If you look for the truth outside yourself, it gets farther and farther away. Today, walking alone, I meet him everywhere I step. He is the same as me, yet I am not him. Only if you understand it in this way will you merge with the way things are.
—TUNG-SHAN, 1ST-CENTURY CHINESE POET, PHILOSOPHER
From my training in psychology I know that we are either developing our true nature—a true self—or we are developing a false self. The false self is often set up only to please others, to not question, to do what is comfortable (but not necessarily safe), to go with the crowd. The true self, by contrast, has compassion for others but does not set out to make everyone happy; is safe but often uncomfortable because it is dynamic and changing; is unique and does not typically just go with the crowd. This development of our true or false self can begin at a young age—so why not choose to develop your true self now? As a psychotherapist for twenty-five years, I worked with many people who fought off their true nature until one day—WHAM!—it seemed to hit them over the head. “Here I am!” it shouted.
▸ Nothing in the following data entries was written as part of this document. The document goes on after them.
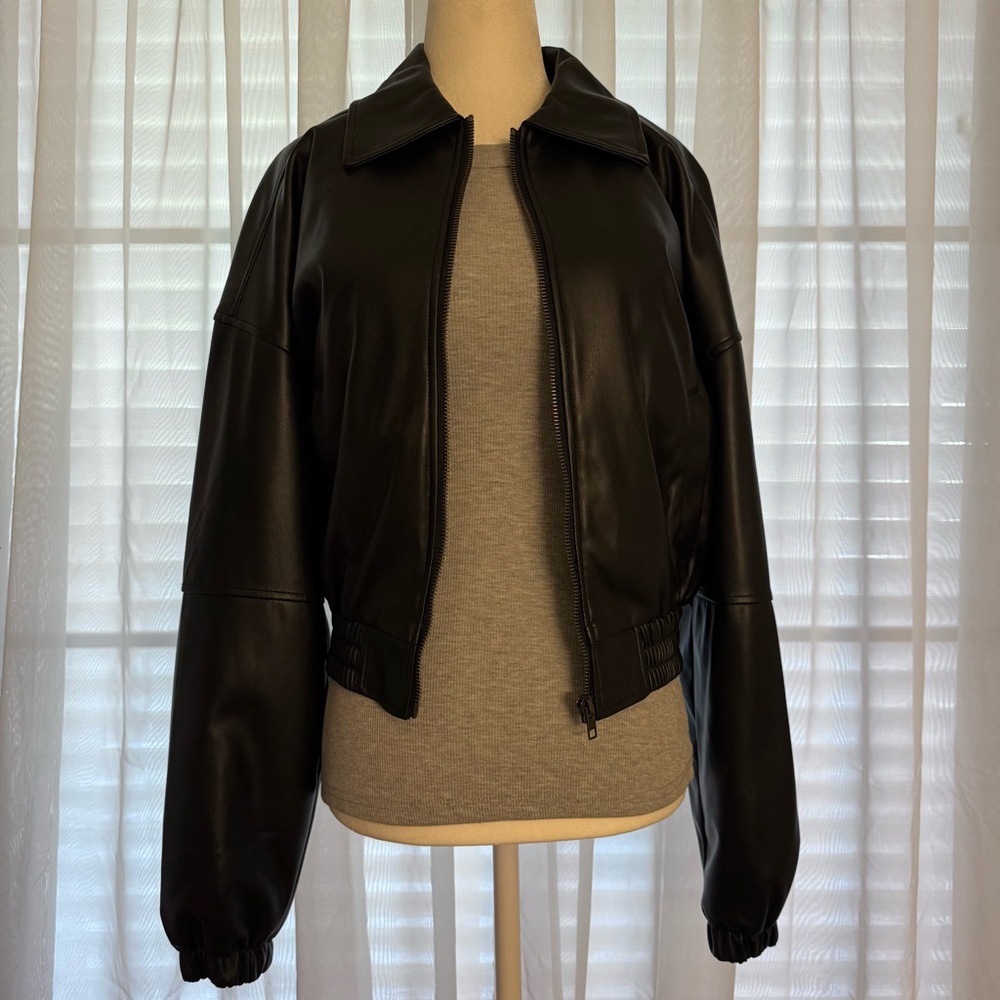 Garage Leather Zip up Jacket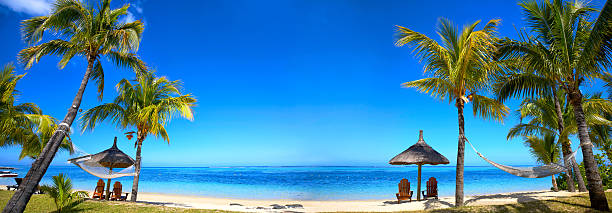 Tropical beach panorama stock photo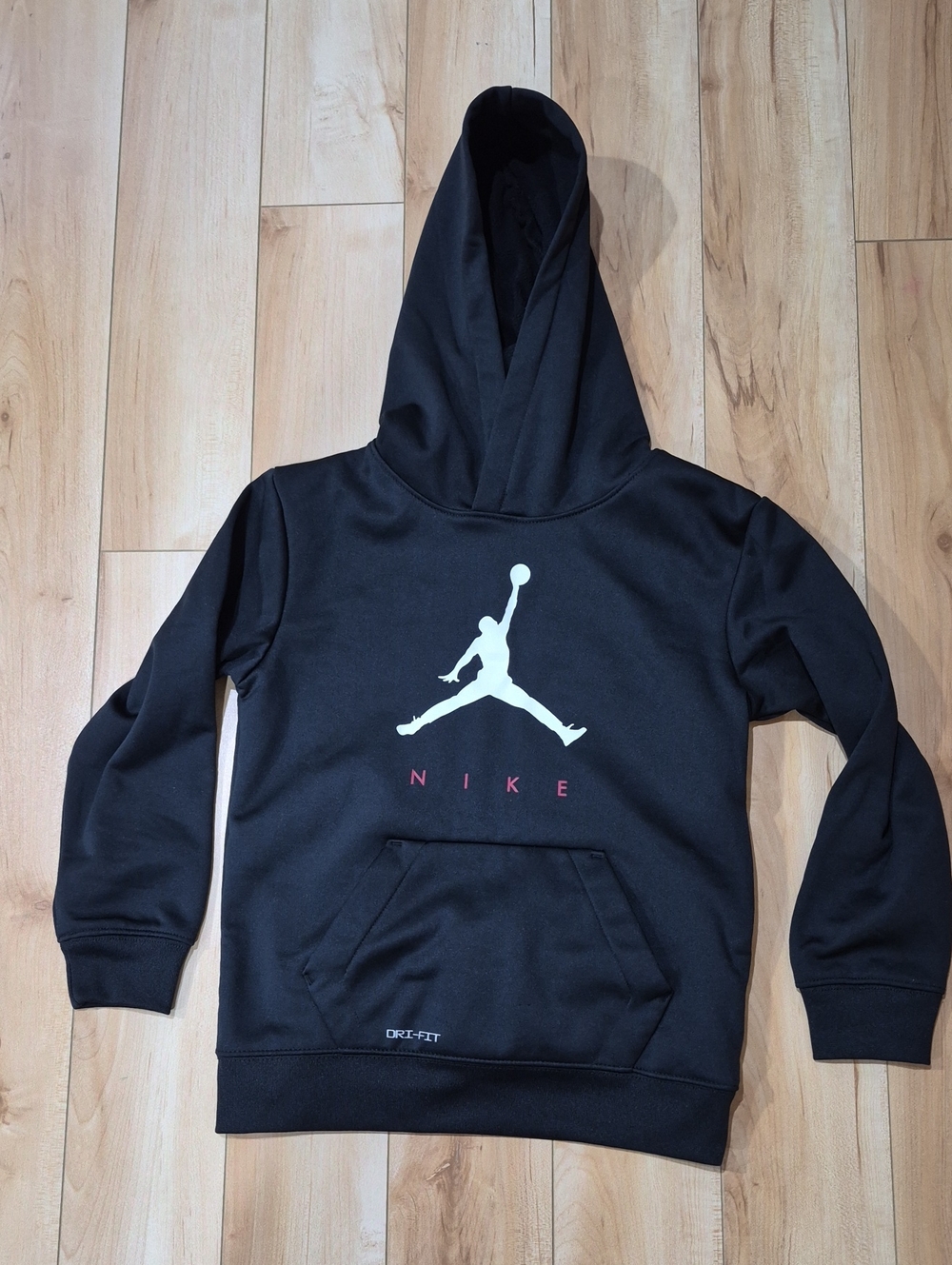 Boys Size 6 Nike Black Kids Jumpman Pullover Hoodie with White Logo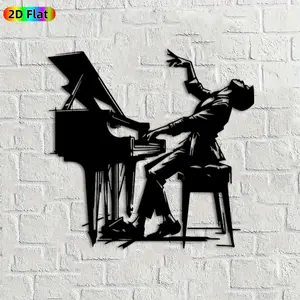 1pc Piano Player Metal Wall Art,Piano Player Statue Mural,Ideal Gift for New Year,Christmas,Music Enthusiasts,Rust-Resistant Metal Wall Decor Wall Sculptures,Perfect for Living Room Wall & Garden Fence Music Decor Enthusiasts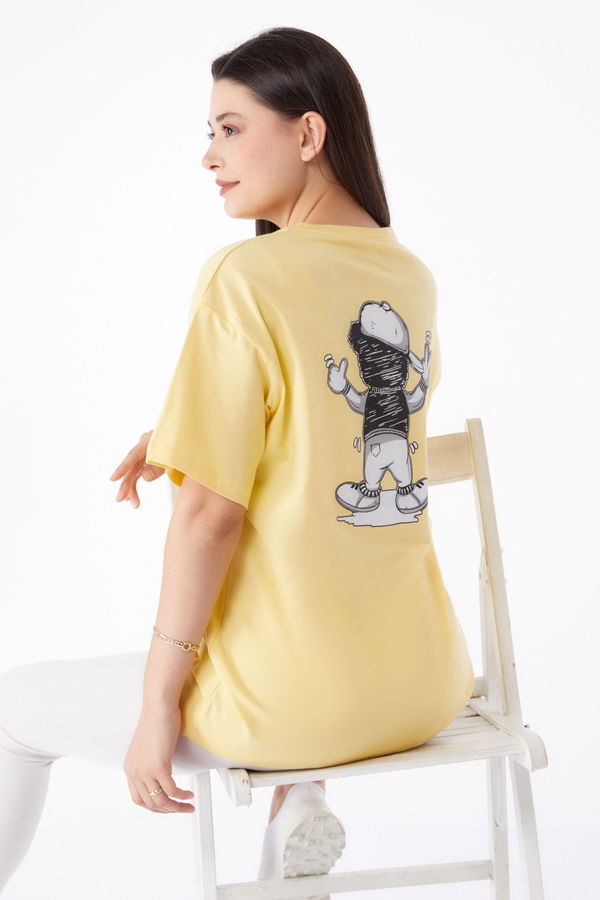 Baskılı T-shirt Sarı - 25287 Sarı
Why wait? Why not begin to build a life on what is true for you now?
Every writing exercise in this book has the potential to help you develop your true nature. Every moment you bring your self honestly to the journal and write, you are developing your true self. As I have written elsewhere, the greatest gift you can bring to the world is your self—your true self.
Awaken the Shakti
In the West, we tend to think of the creative force as a masculine characteristic, while the feminine is seen as receptive and quiet. But in the Hindu tradition, these associations are reversed. The goddess Shakti (literally translated as “power”) is the creative force. So creative is she in yogic myth that she created the world. Her partner, the god Shiva, is her quiet supporter.
Each of us is made up of both the shakti and shiva energies. They are complementary, and when both are in balance our lives are more creative and joyful. Practice the following meditation to awaken the shakti, and to balance the two vital energies. Begin by taking a few minutes to ground (see pages 231–32).
Sit in a meditative posture on the floor or in a chair with your feet on the floor. For about ten breaths, begin to rest your awareness on the physical sensation of breathing. After these ten breaths, bring your awareness down to the bottom of your spine. Imagine there a small fire smoldering there. In your imagination, use your inhalations to fan the fire, and watch it slowly rise up your spine, up to the top of your head. Once it has reached the top or crown of your head, move the heat of the fire back downward, along the front of your head and torso, meeting back up with its source at the spine’s root. Sit and breathe for a few minutes, noticing the shakti energy waking you up.
Notice what you are feeling and, when you are ready, journal about these sensations and this experience.
“Throughout my whole life, during every minute of it, the world has been gradually lightening up and blazing before my eyes until it has come to surround me, entirely lit up from within.”
—PIERRE TEILHARD DE CHARDIN, FRENCH AUTHOR, JESUIT PRIEST, PALEONTOLOGIST, POET, WRITER
“Knowing the name of things can help you to see them.”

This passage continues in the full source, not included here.